Task brief
What is needed is an exact reproduction of the lines from the one that contains "Жесткий диск SSD" through the end of the data, both included and nothing else, with pictures omitted.

Captioned web images
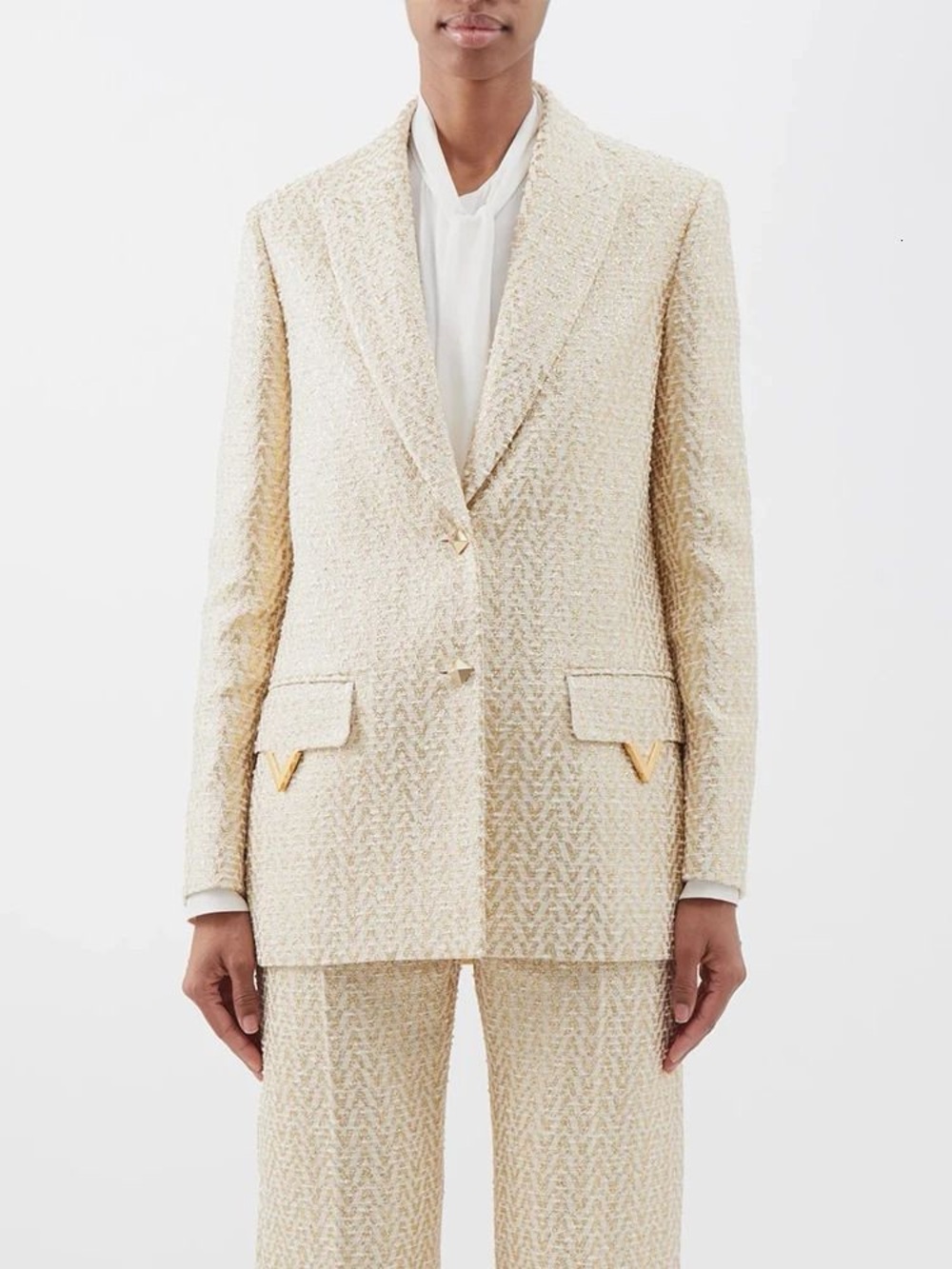 Cream Textured Single-Breasted Blazer and Pants Set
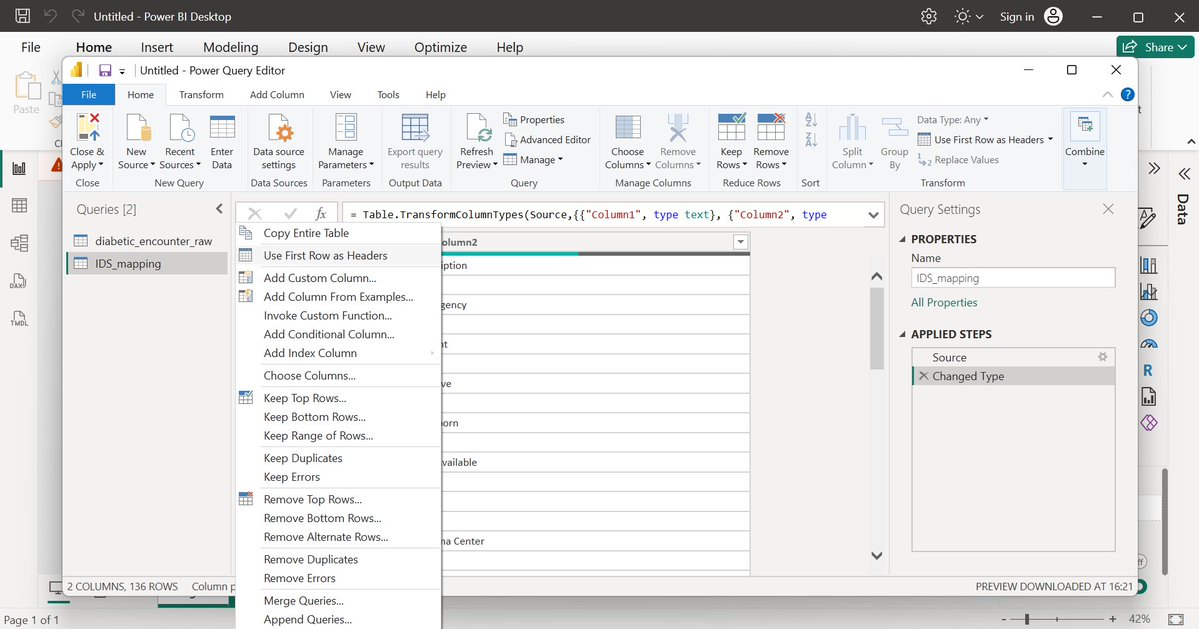 MoonChi222's tweet photo. #healficahealthdatachallenge 
Quick Power Query lesson I learned today while cleaning messy mapping files 👇
I had 3 distinct lookup tables trapped in ONE CSV file. Here is how I cleaned it up:
1. Set ID columns to Whole Number to prevent dropped rows during merges. https://t.co/4gXsOF2wlh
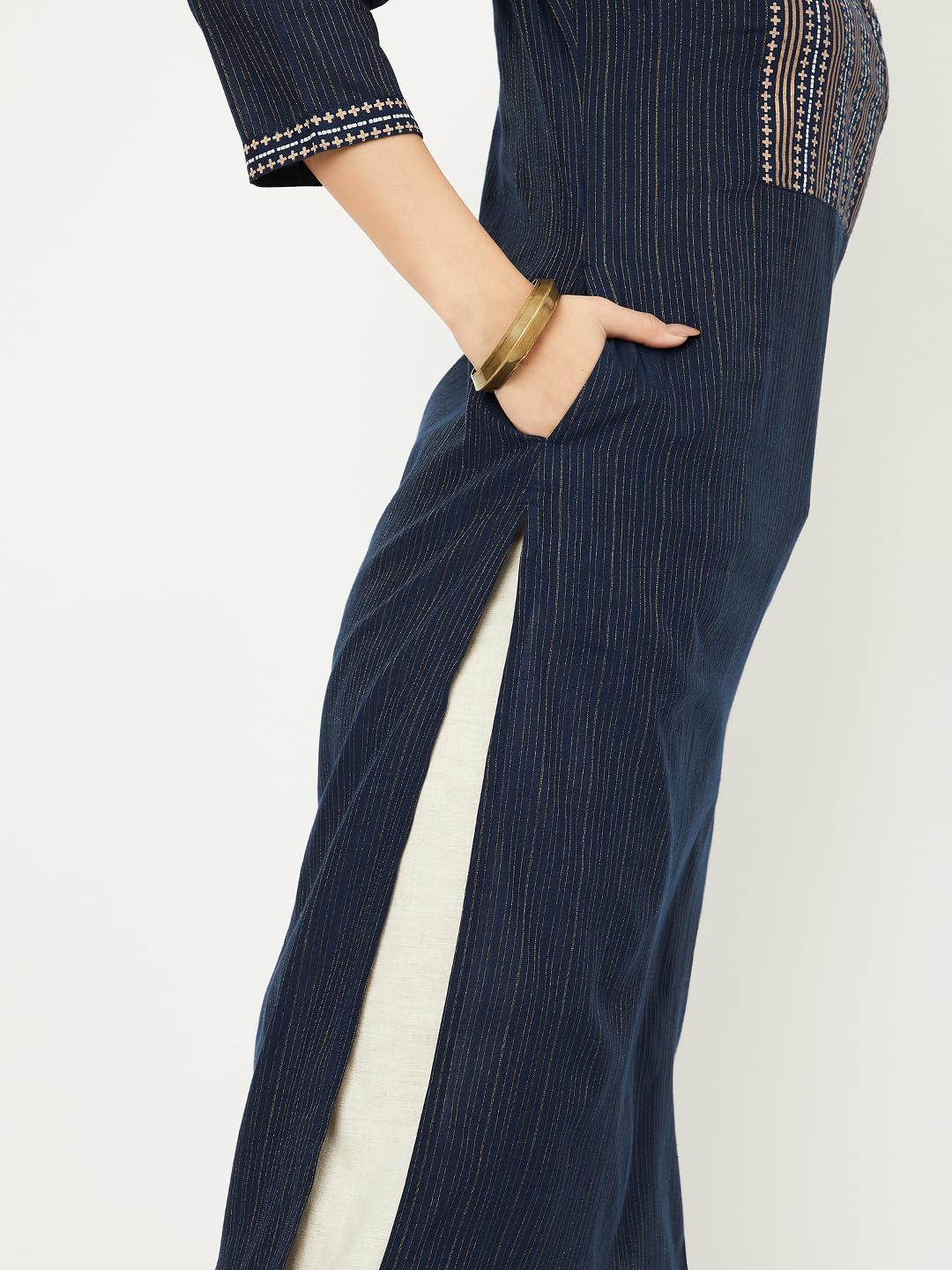 Max Women's Cotton Regular Kurta (PAPKFE24LE_Indigo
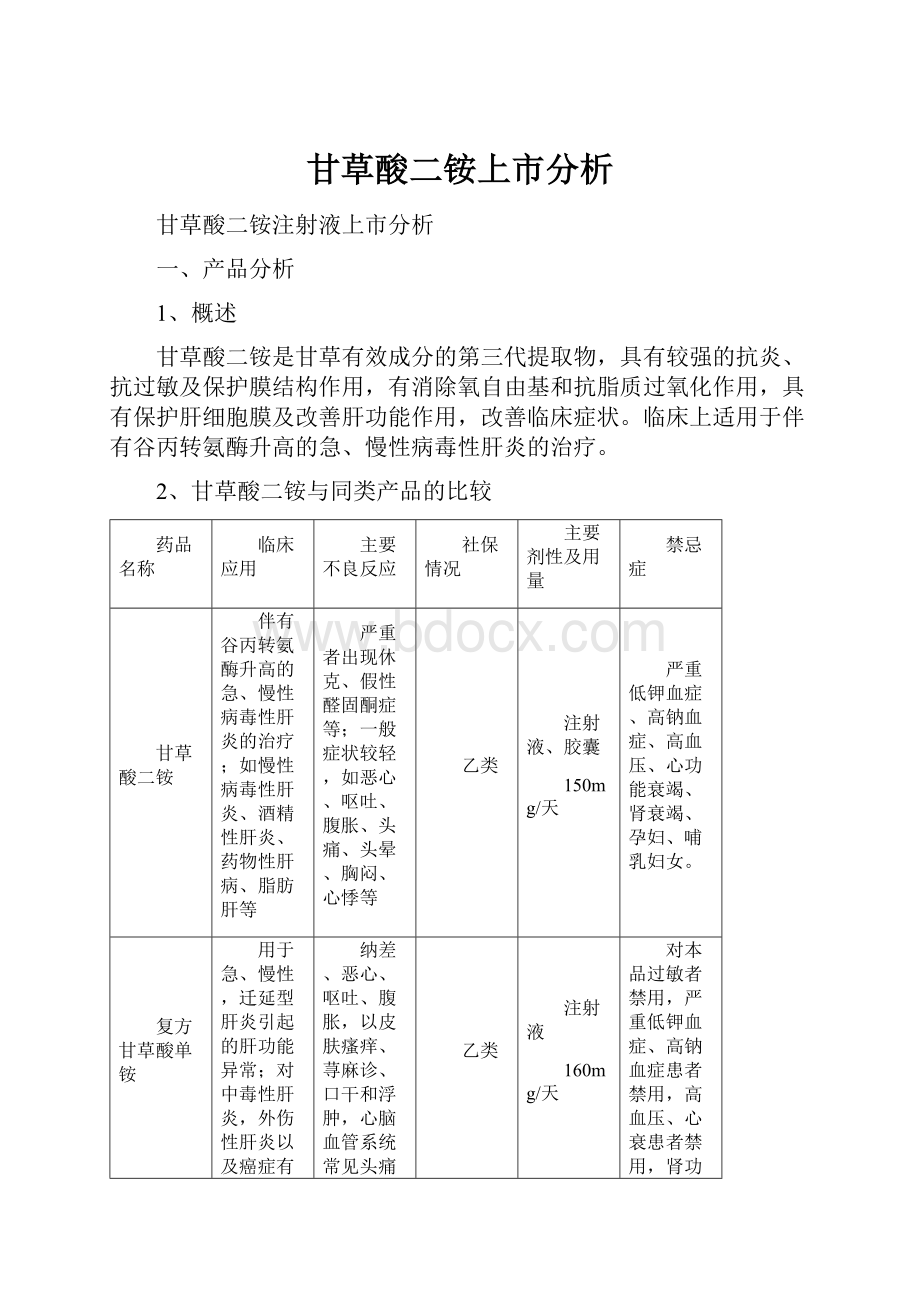 甘草酸二铵上市分析.docx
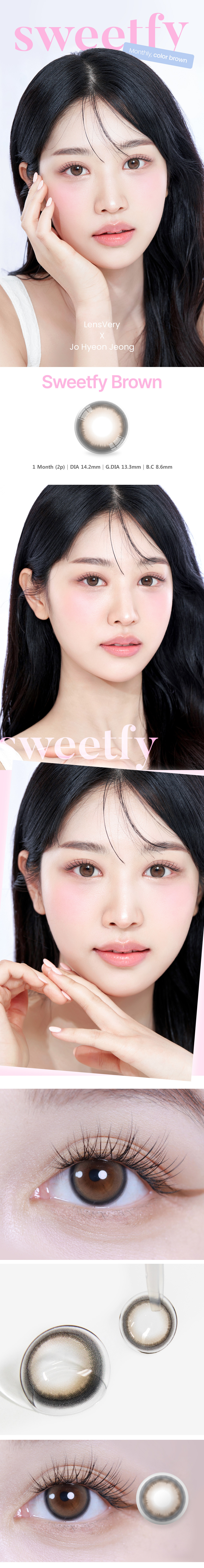 [1 Month/ブラウン] スウィートフィー (1箱 2枚)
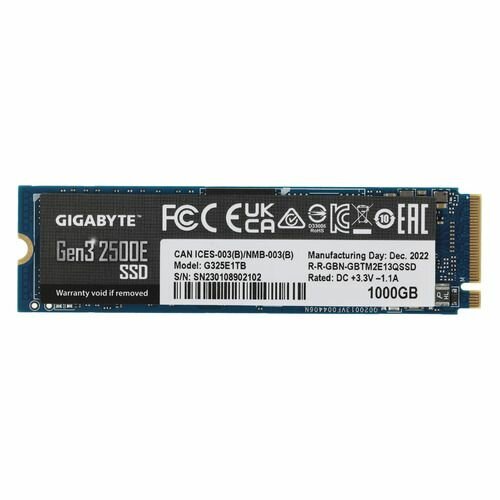 Жесткий диск SSD Gigabyte 1000Gb M.2 2280 PCI Express [G325E1TB] - фото №5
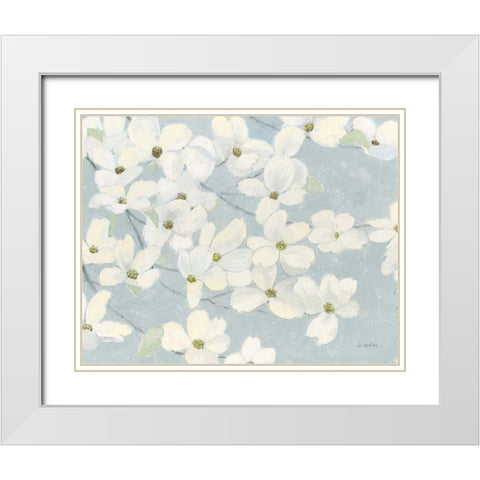 Spring Dogwoods Blue White Modern Wood Framed Art Print with Double Matting by Wiens, James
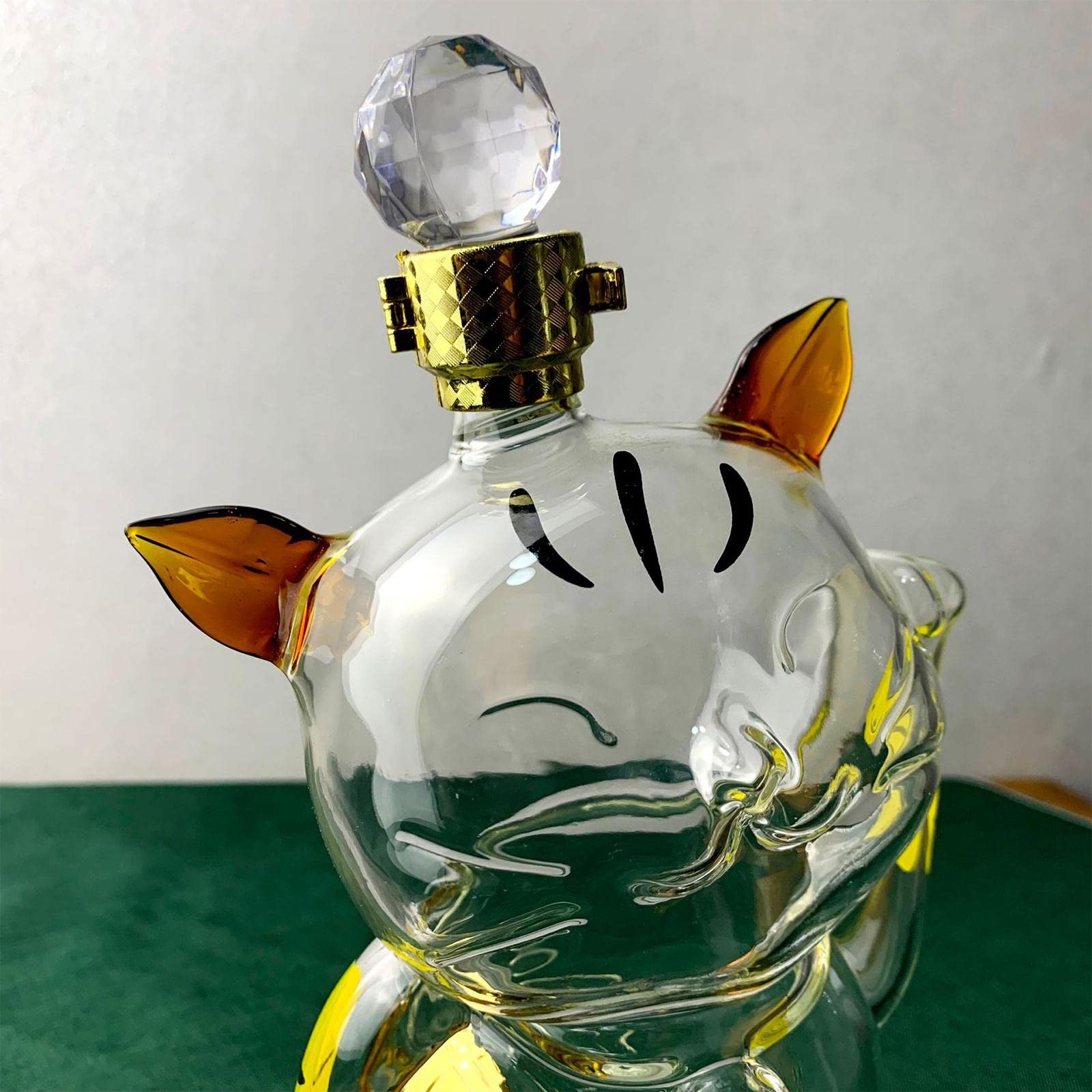 Grande Caraffa a Forma di Gatto in Vetro Borosilicato di, Ideale per Decorazioni per Feste.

Written reply
 Жесткий диск SSD Gigabyte 1000Gb M.2 2280 PCI Express [G325E1TB] - фото №5
 Spring Dogwoods Blue White Modern Wood Framed Art Print with Double Matting by Wiens, James
 Grande Caraffa a Forma di Gatto in Vetro Borosilicato di, Ideale per Decorazioni per Feste.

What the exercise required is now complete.